» **REQUIRED WORK**:
Pictures aside, print all of the data below exactly as written.

» **INFORMATION SHOWN**:
*** Begin section ***

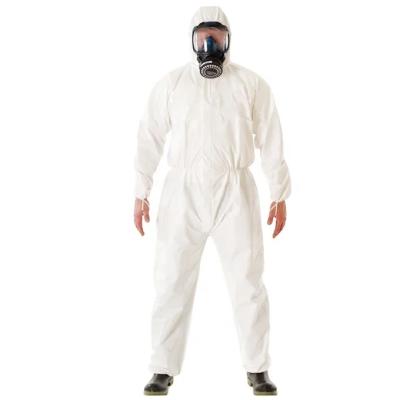 China White Disposable Coverall Non Woven Fabric with Full Body Protection and Zipper Closure en venta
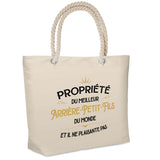 Sac Fête des Pères Papi Famille Idée Cadeau anniversaire Noël Travail Boulot Métier Départ Retraite Collègue Homme cabas shopping plage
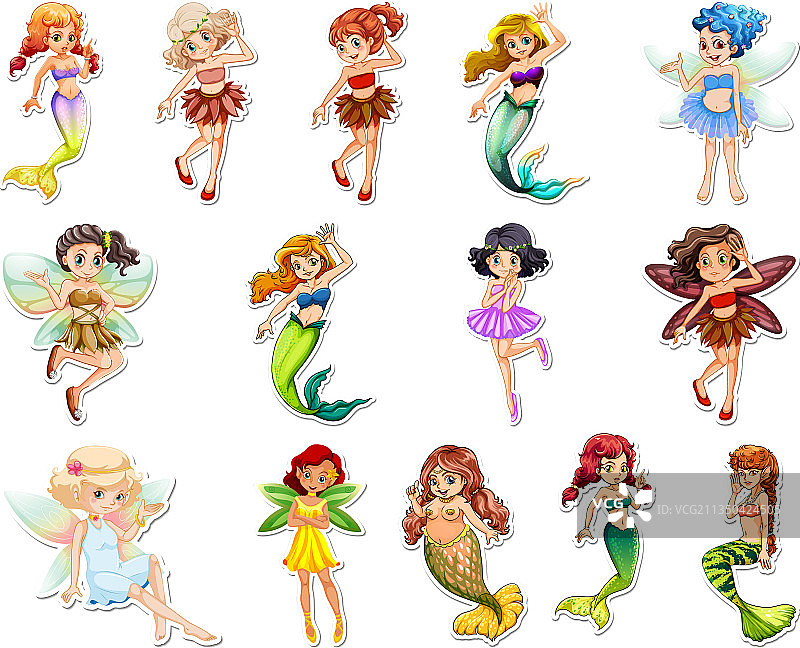 美丽仙女贴纸图片素材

*** End section ***

» **THE ANSWER**:
 China White Disposable Coverall Non Woven Fabric with Full Body Protection and Zipper Closure en venta
 Sac Fête des Pères Papi Famille Idée Cadeau anniversaire Noël Travail Boulot Métier Départ Retraite Collègue Homme cabas shopping plage
 美丽仙女贴纸图片素材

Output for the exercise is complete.